Last updated: 18 Feb 2021
Rules for getting production access
These rules apply to developers in the GOV.UK programme and SREs in the TechOps programme.
What production access means
- Permission to read & write production and staging hieradata in govuk-secrets using GPG
- Permission to read & write from the Pass in govuk-secrets store using GPG
- Access to Production Deploy Jenkins and Staging Deploy Jenkins to deploy applications via the GOV.UK Production GitHub team
- SSH access to production and staging servers via govuk-puppet
- AWS PowerUser Access via the
role_poweruser_user_arns
role - Google Cloud Platform (GCP) access with
Storage Admin
role to manage static mirrors - Signon "Super Admin" access in production
- GOV.UK PaaS Space developer access to all spaces in the govuk_development organisation
When you get production access
- Temporary supervised access during two 2nd line shadow shifts (GOV.UK developers only)
- Supervised access after second shadow shift and probation has been passed (probation condition does not apply to SREs in TechOps)

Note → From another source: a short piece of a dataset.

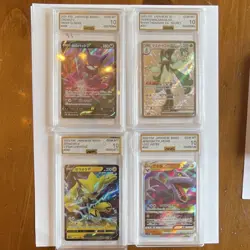 Pokemon Graded Japanese Card Lot 4x Crobat V VMAX Meowscarada EX Zeraora Aeroda… - Image 1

- Permanent access once a non-shadow 2nd line shift has been completed
"Supervised" means "we trust you, but just be extra careful," and the dev should ensure they're getting necessary and appropriate support from their team and tech lead during this time. The tech lead of the mission team is responsible for the supervision, whether it's by them or the team.
What is temporary supervised production access?

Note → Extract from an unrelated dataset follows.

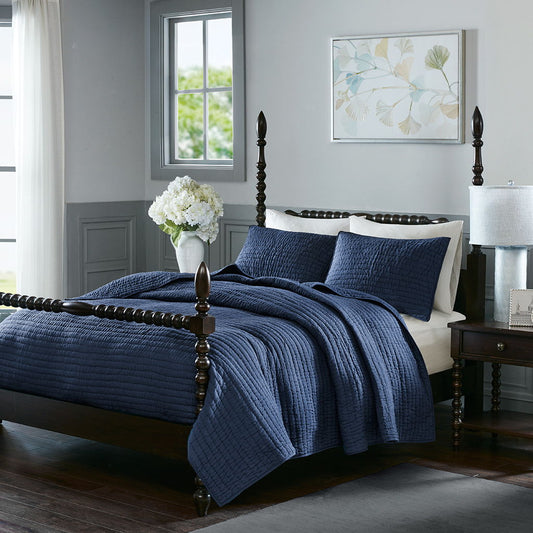 Serene - King Hand Quilted Coverlet Set - Blue Madison Park Signature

Access to production may be granted to GDS civil servants or contractors who don’t meet the criteria above for a time limited period. In these cases, we require:
- A minimum of BPSS (a blue building pass) security clearance
- Approval from a Lead Developer or the Head of Technology
- Access to be removed at the end of the time limited period
- Supervision to be given by a production cleared person during access
- Agreement from the person that they will only use their access while supervised. We trust our staff to be sensible and operate within these rules.
Temporarily revoking access
If you're absent more than 6 weeks, your access will be revoked.